Her subsequent theatrical credits were mostly in regional theater, but she did return to the Broadway musical stage in the spring of 1958, replacing Gwen Verdon in the lead role in New Girl in Town. In 1967, Ward appeared in the play And So to Bed at the LA Theater Center and her son David Cassidy also was featured in the cast. In 1996, she left retirement to co-star in Such a Pretty Face.

She also performed in nightclubs in New York City and Boston, and in 1954 performed in a Las Vegas revue.

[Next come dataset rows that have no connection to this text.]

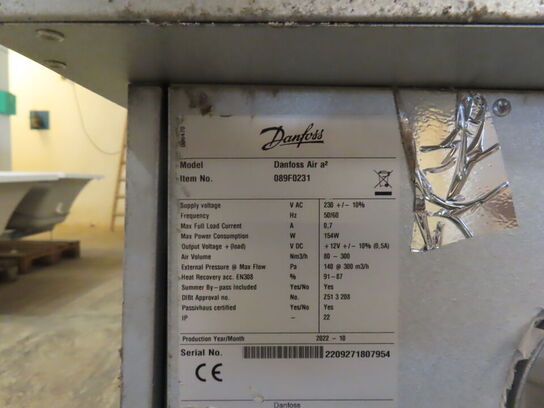 2 stk. Ventilationsanlæg - DAFFOSS AIR A2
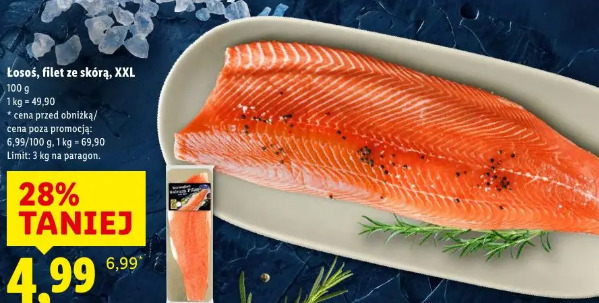 Łosoś, filet ze skórą, XXL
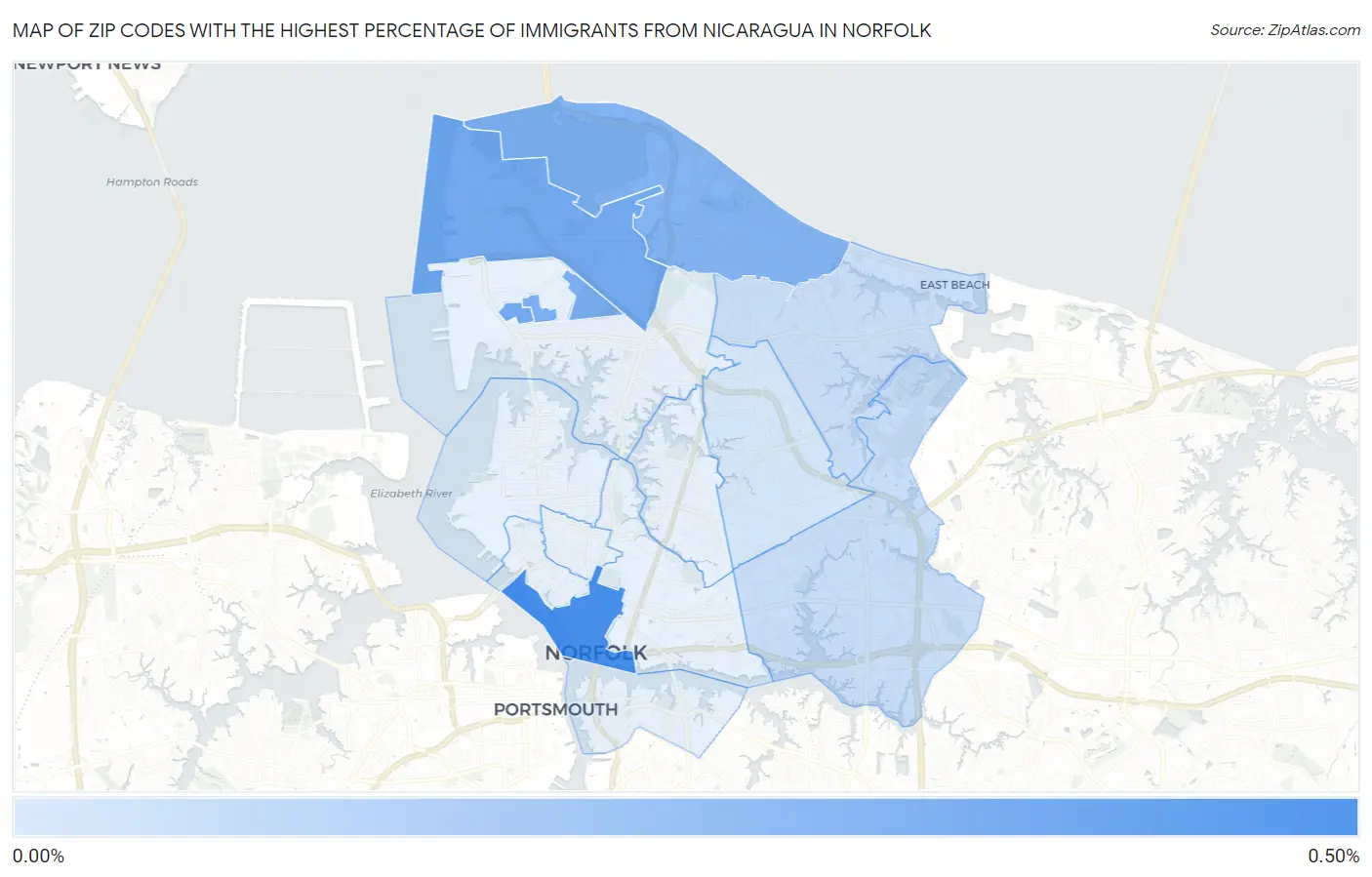 Zip Codes with the Highest Percentage of Immigrants from Nicaragua in Norfolk Map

In 1949, Ward was a regular on the CBS game show Hold It Please, and in 1950–1951, she was a regular on the ABC variety series The College Bowl (also known as The Chico Marx Show). Her other television credits include The Man from U.N.C.L.E., Ben Casey, Dr. Kildare, Perry Mason, Mike Hammer, The Further Adventures of Ellery Queen, and Hallmark Hall of Fame.

==Personal life==
Ward married actor Jack Cassidy on June 28, 1948: the couple had met in 1945 while appearing in the Broadway musical The Firebrand of Florence. Ward and Cassidy had one son, David Bruce Cassidy, born on April 12, 1950. The family resided in Ward's native West Orange. The marriage of Jack Cassidy and Evelyn Ward ended in a Mexican divorce in July 1956.

In August 1956, Cassidy married actress Shirley Jones, with whom he had been romantically involved since the previous summer. According to Jones, Cassidy and Ward had been separated twice and then got back together prior to her meeting Cassidy, and their marriage had remained rocky.

After her divorce from Cassidy, Ward and David resided with Ward's parents in West Orange until 1961, when Ward married film director Elliot Silverstein.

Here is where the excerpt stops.